1

I have 200 files of different which I need to concat column after column into one file. These 200 files are in one directory, and so I tried the following script.

path = '/data' 
files = os.listdir(path)

files_txt  = [os.path.join(path,i) for i in files if i.endswith('tsv')]

## Change it into dataframe
dfs = [pd.DataFrame.from_csv(x, sep='\t')[[6]] for x in files_txt]
##Concatenate it
merged = pd.concat(dfs, axis=1)

But it throws the follwoing value error as the shape is different for each of these files. I would to have some solution.
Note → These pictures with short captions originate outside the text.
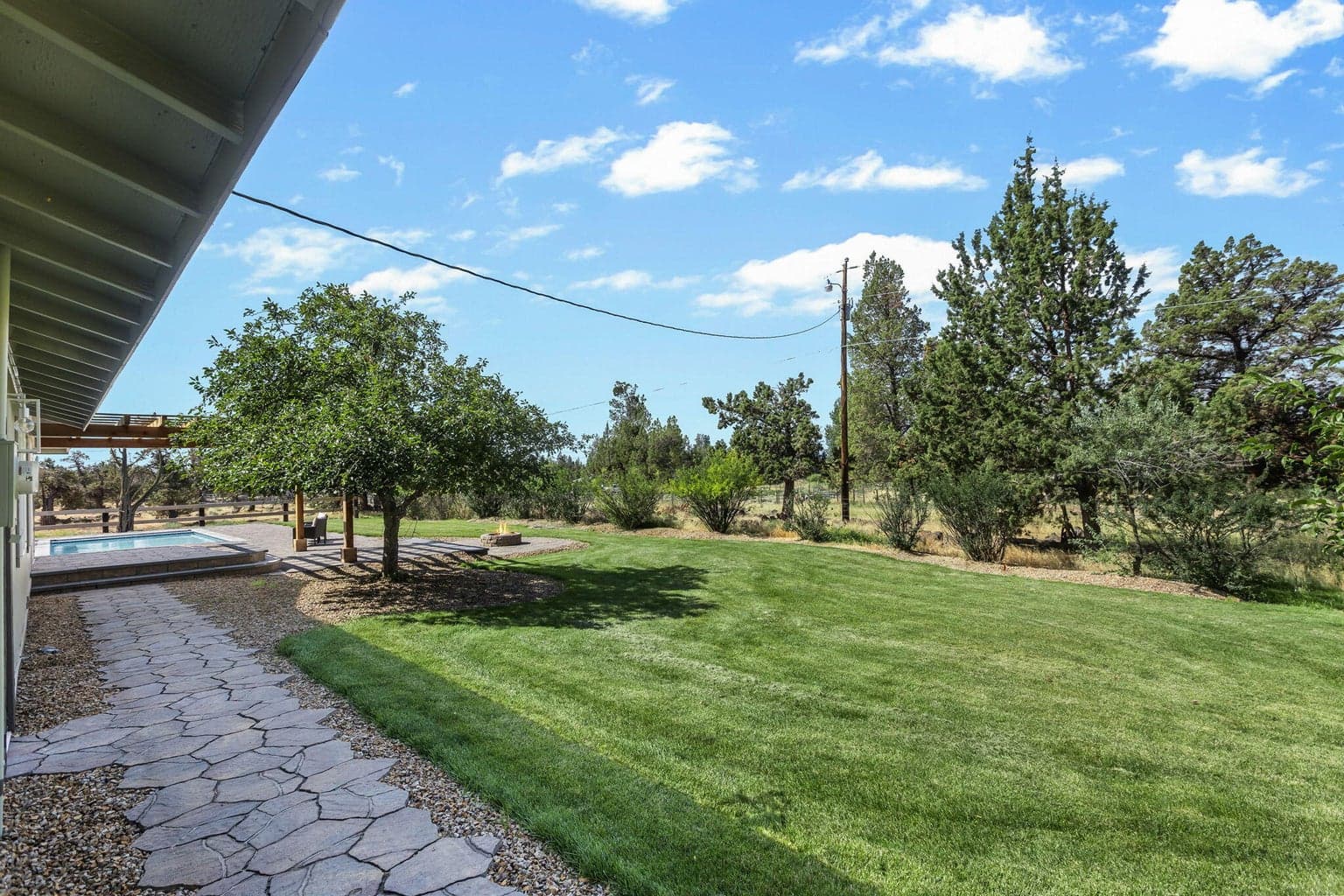 Photo of 5250 SW Metolius Avenue 31 of 85
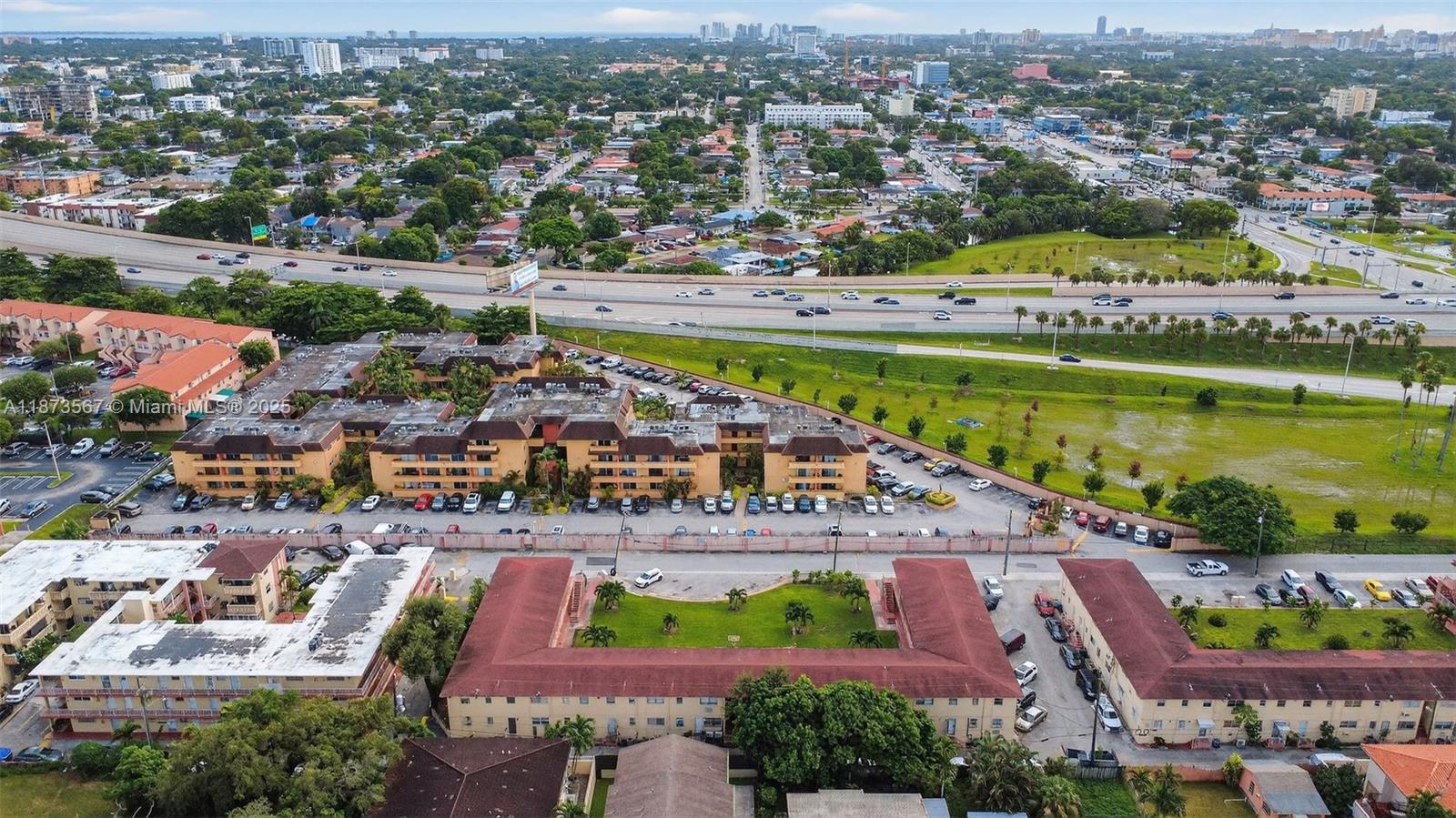 WILDWOOD RIVER VILLAS - Residential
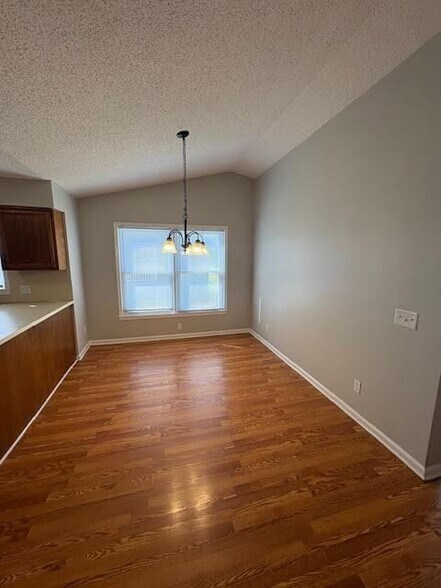 Building Photo - 118 W Victoria Ct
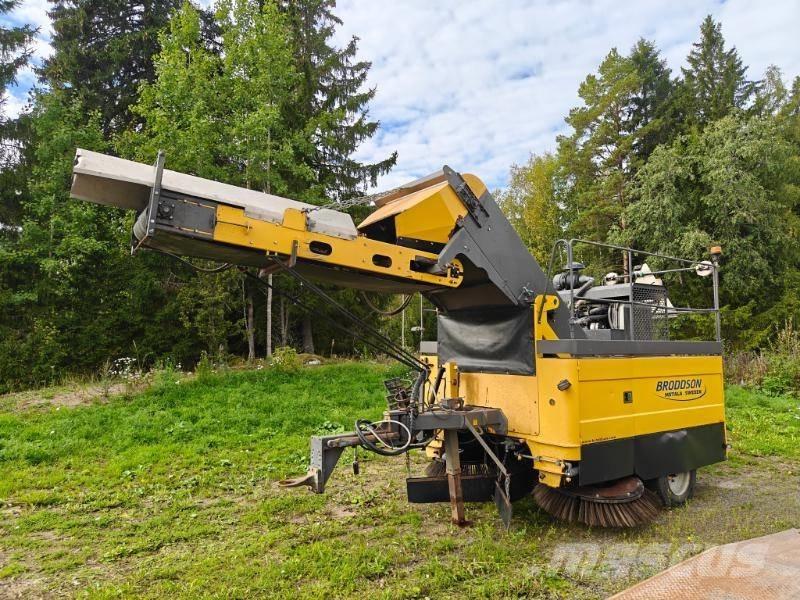 Broddson Skandia Sweepers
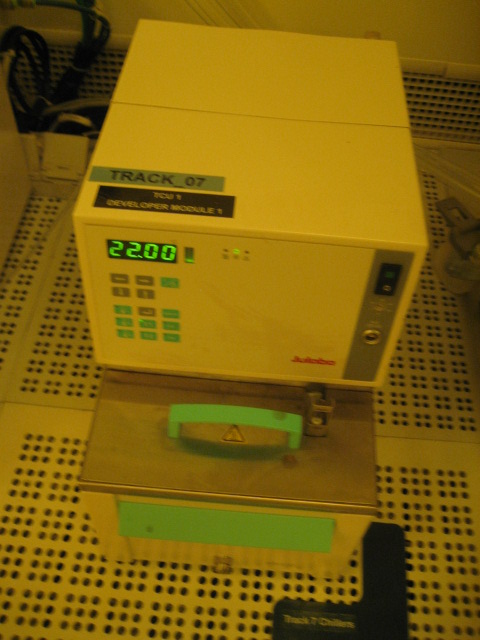 Used Suss Microtec ACS 800 Coater Developer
Thank you

Here is error,

ValueError: Shape of passed values is (149, 13864), indices imply (149, 13860)
ARJ
  • 2,021
  • 4
  • 27
  • 52
  • Maybe this can help: https://stackoverflow.com/questions/27719407/pandas-concat-valueerror-shape-of-passed-values-is-blah-indices-imply-blah2 – Shaido Aug 14 '18 at 01:46
  • No I cannot reset index on a list dfs is list, read as dataframe – ARJ Aug 14 '18 at 01:47
  • You could try do it after `from_csv`, but not sure it will help. Does the files have the same number of rows or can it differ? If diffferent you can pass `ignore_index=True` to `concat`. – Shaido Aug 14 '18 at 01:49
  • ignore_index throws the same error message – ARJ Aug 14 '18 at 01:55
  • why are you using `DataFrame.from_csv`? That API was deprecated years ago. – cs95 Aug 14 '18 at 02:05

1 Answers1

1

The index contain the duplicates , then concat will failed , since it will base on the index to join the dataframe

dfs = [pd.DataFrame.from_csv(x, sep='\t')[[6]].reset_index(drop=True) for x in files_txt]
##Concatenate it
merged = pd.concat(dfs, axis=1)

Using the check

for x in dfs : 
    print(x.index.is_unique)

In order to reproduced the error

df1=pd.DataFrame({'A':[1,2]})
df2=pd.DataFrame({'A':[1,2]},index=[1,1])
pd.concat([df1,df2],axis=1)

ValueError: Shape of passed values is (2, 5), indices imply (2, 3)

BENY
  • 317,841
  • 20
  • 164
  • 234